Their cowardly nighttime destruction of a few anti-apartheid shacks on Martin Luther King Jr.'s birthday and their ultimately successful attempts to hound music professor William Cole out of the college catapulted them to national attention, but these acts of thuggery are emblematic of their entire approach to journalism.
A couple of examples will suffice. The magazine brought homophobia to a new and vicious low by slipping into a gay students' meeting with a tape recorder and then printing a list of the students who attended. Two years ago, in what can now be seen as a foreshadowing of their Yom Kippur issue, the Review printed a caricature of Dartmouth's President James O. Freedman as Hitler, complete with mustache and stiff-arm salute.
WITH luck, the Yom Kippur incident will be the Review's downfall. The Dartmouth community has acted sensibly. Instead of trying to use disciplinary action against the Review's staff members, Freedman spoke at an anti-Review rally and condemned the magazine's "act of moral cowardice." The student assembly denounced the review for having "fostered an intolerance of diversity at the college."

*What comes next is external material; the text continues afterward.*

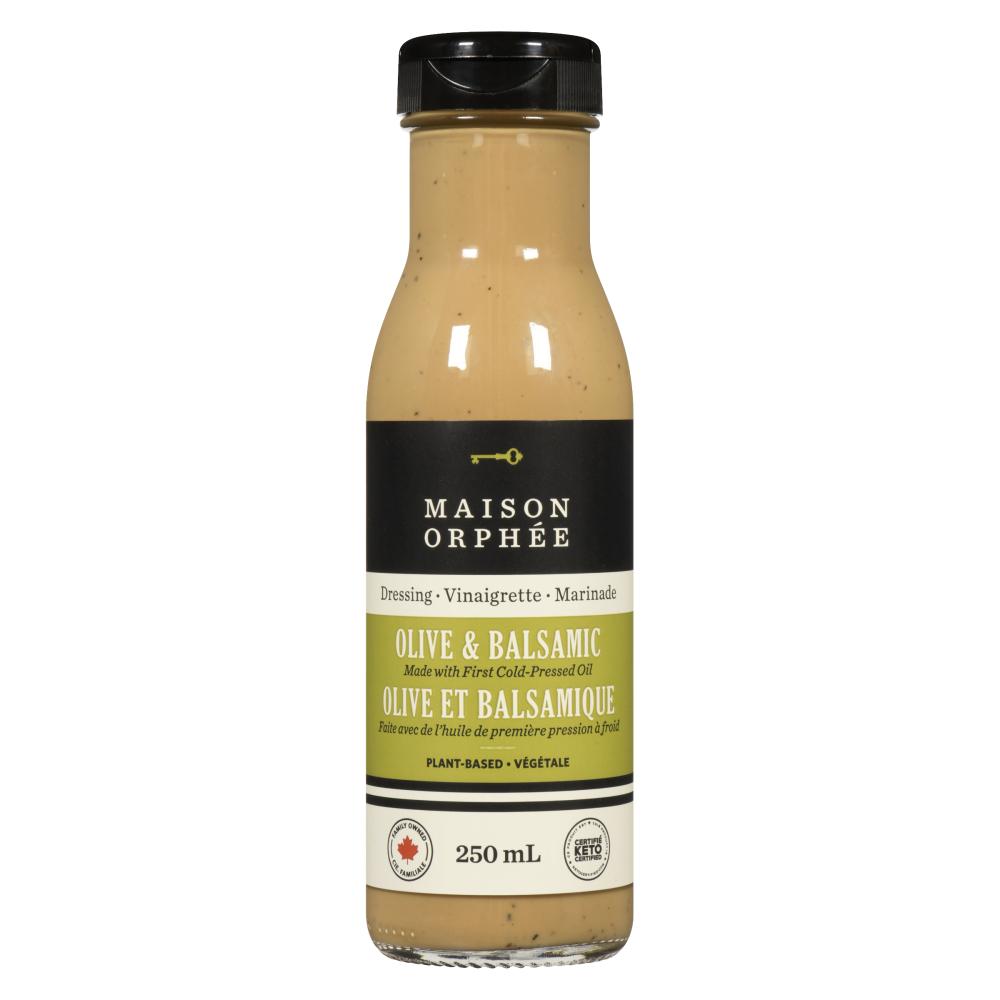 MAISON ORPHEE BALSAMIC OLIVE VINEGAR, 12 X 250 ML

At first, the Review jumped on the bandwagon by denouncing itself, alleging that "it was an inside job" and pledging, in language that can only be described as Hitleresque, to root out the "human filth" that had typed in the Hitler quote. But a few days later, the magazine went on the offensive and began to push the dubious theory that anti-Review forces were somehow responsible. The usual suspects were trotted out to hint darkly of liberal agents provacateurs who had burrowed their way on to the review's staff. The Wall Street Journal devoted almost an entire editorial page to the defense of the Review, and an American Enterprise Institute scholar told journalists that the Dartmouth administration had "convened a lynch mob to make scapegoats of innocent students."
These conspiracy theories are more the stuff of the John Birch Society than of responsible conservative journalism. It seems likely that the use of Hitler's words was an attempt by a few staff members to embarass the Editor-in-Chief, Kevin Pritchett, who was selected by the Review's trustees after the staff had elected someone else.
But to simply see this as a sick prank played by a few immature right-wing hacks on each other is to ignore the entire history of the Review and its persecution of those students and faculty who do not represent its rich, white, elitist worldview. As the president of the Dartmouth student assembly has said, the Review's writers have "tainted the image of this college." More than anything else, the result of the Review's actions has been to frighten away talented students and faculty. Like the American generals in Vietnam who had to destroy villages in order to save them, the Review is devastating Dartmouth in order to redeem it.
If kids will be kids, one only hopes that adults will be adults. The conservative journalists and think tanks that support the Review would be doing Dartmouth a big favor by removing their names from the the magazine's masthead and their financial support from its bank accounts so that the Review will fade into a much deserved obscurity.